#### Extracted information
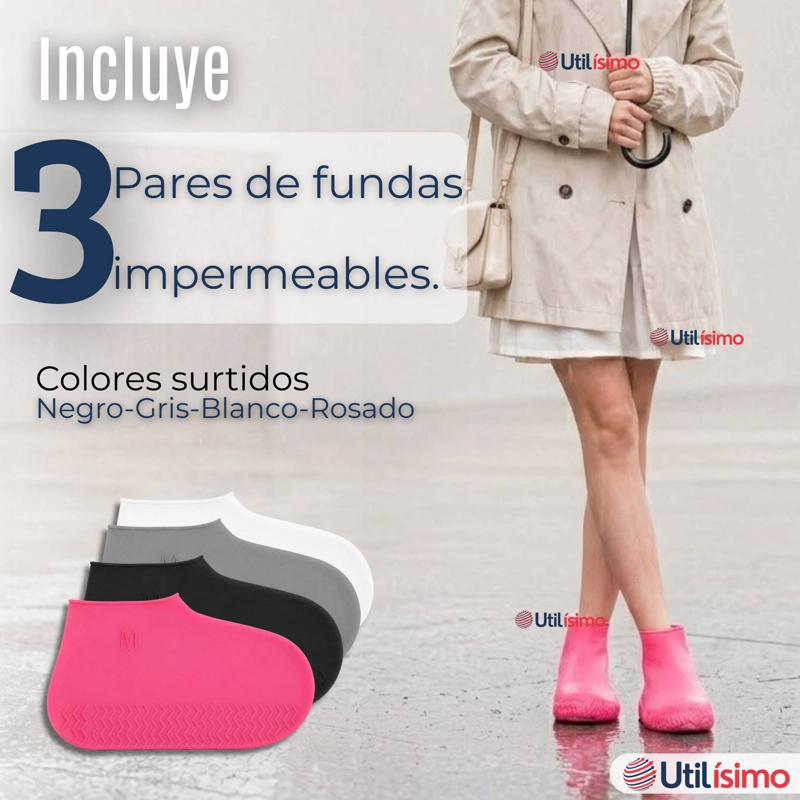 PACK 3 PARES FUNDAS CUBRE ZAPATOS MUJER IMPERMEABLE SURTIDAS SILICONA ANTIDESLIZANTE - 2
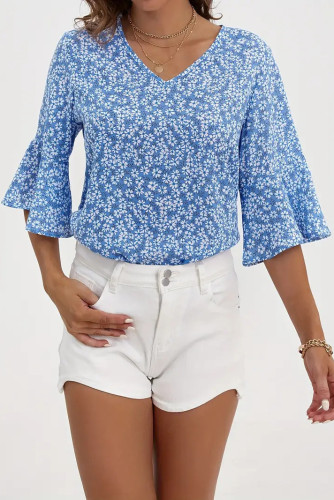 Casual Short Sleeved V-Neck Floral Printed Shirt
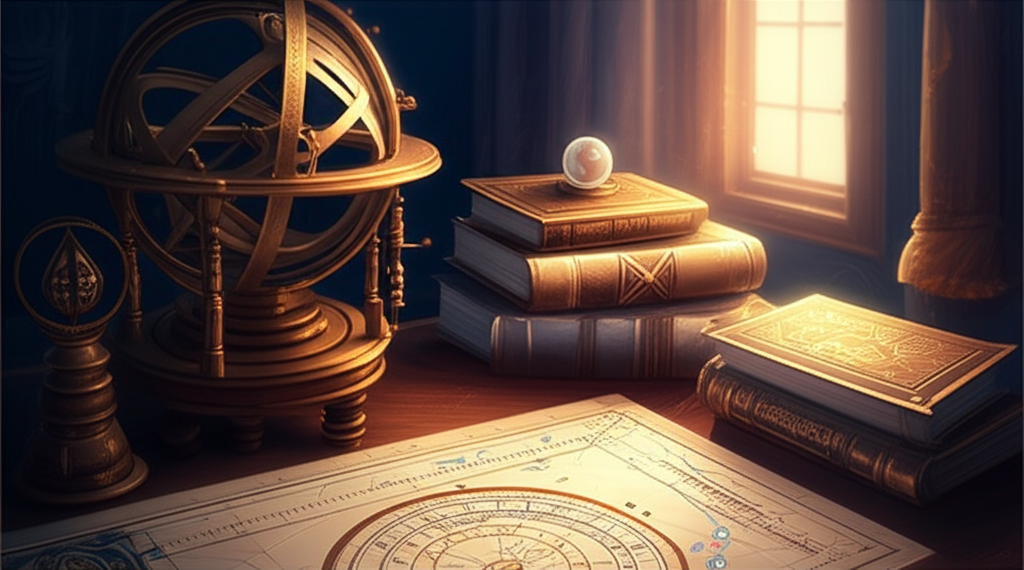 Рабочее место, где работает профессиональный астролог с натальной картой и книгами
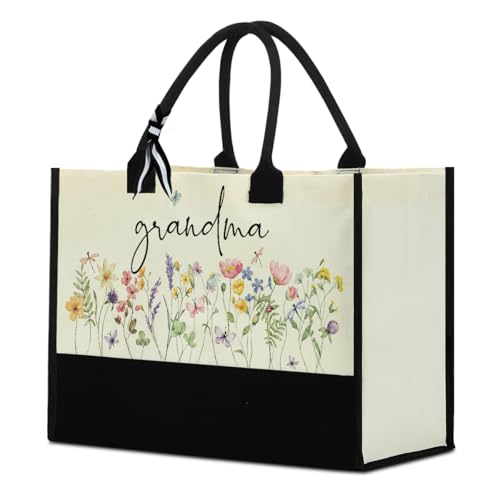 Fokongna Girls Trip Beach Bag Mimi Gigi Granny Nana Mama Abuela Nanny Housewarming Gifts Women Reusable Canvas Tote Bag - color: Grandma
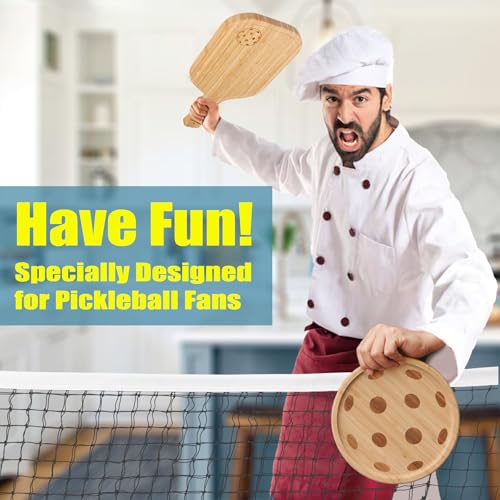 Pickleball Charcuterie Board Set – Bamboo Cheese & Cutting Board | 17" Paddle Board with Handle + 8.5″ Round Plate – Perfect Gifts for Pickleball Fans & Club Gatherings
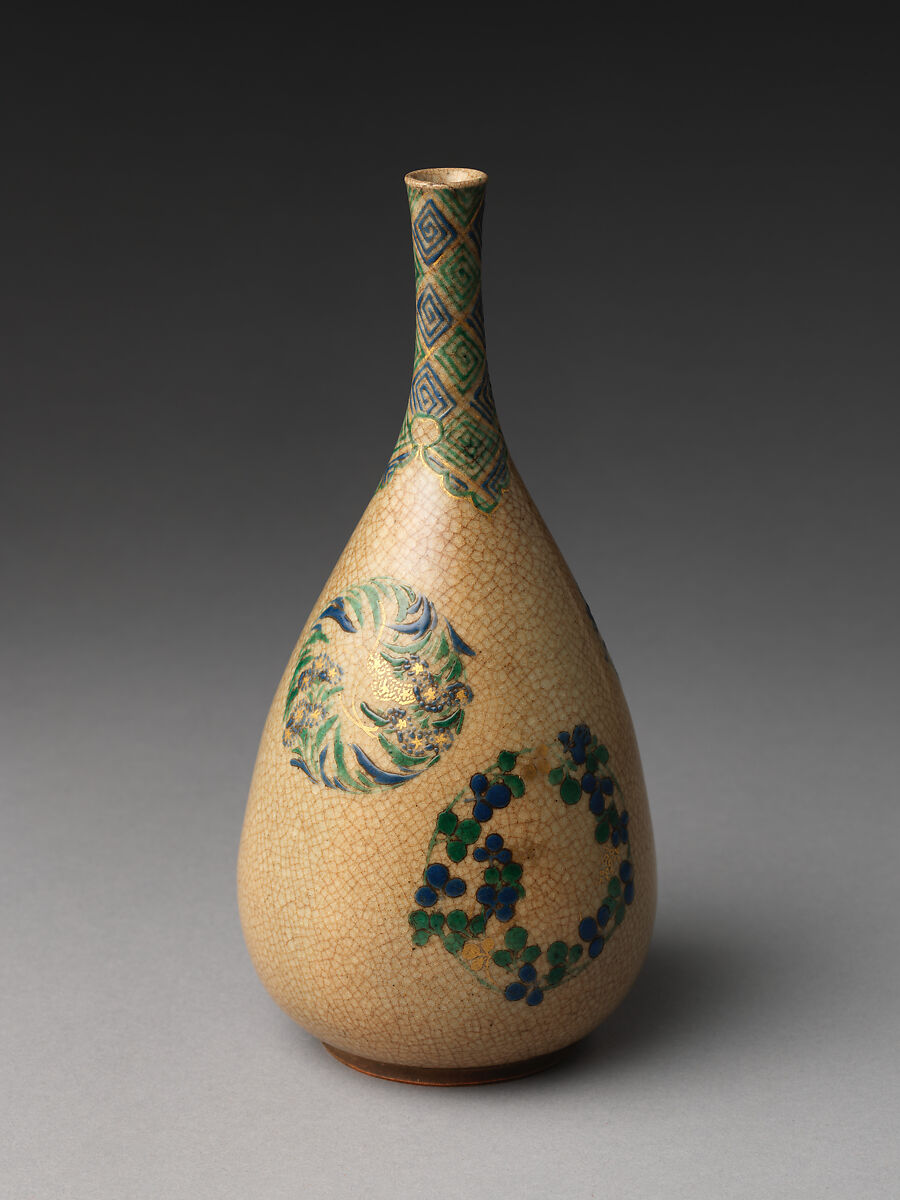 Sake bottle with flower medallions, Stoneware (Ko-Kiyomizu ware), Japan 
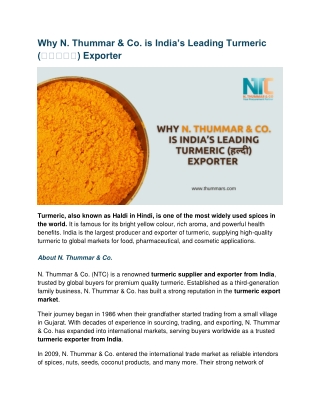 Why N. Thummar & Co. is India’s Leading Turmeric Exporter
########
• _What you should do_: Leaving aside the images, write out the entries above word for word.

• _Response for this exercise_:
 PACK 3 PARES FUNDAS CUBRE ZAPATOS MUJER IMPERMEABLE SURTIDAS SILICONA ANTIDESLIZANTE - 2
 Casual Short Sleeved V-Neck Floral Printed Shirt
 Рабочее место, где работает профессиональный астролог с натальной картой и книгами
 Fokongna Girls Trip Beach Bag Mimi Gigi Granny Nana Mama Abuela Nanny Housewarming Gifts Women Reusable Canvas Tote Bag - color: Grandma
 Pickleball Charcuterie Board Set – Bamboo Cheese & Cutting Board | 17" Paddle Board with Handle + 8.5″ Round Plate – Perfect Gifts for Pickleball Fans & Club Gatherings
 Sake bottle with flower medallions, Stoneware (Ko-Kiyomizu ware), Japan 
 Why N. Thummar & Co. is India’s Leading Turmeric Exporter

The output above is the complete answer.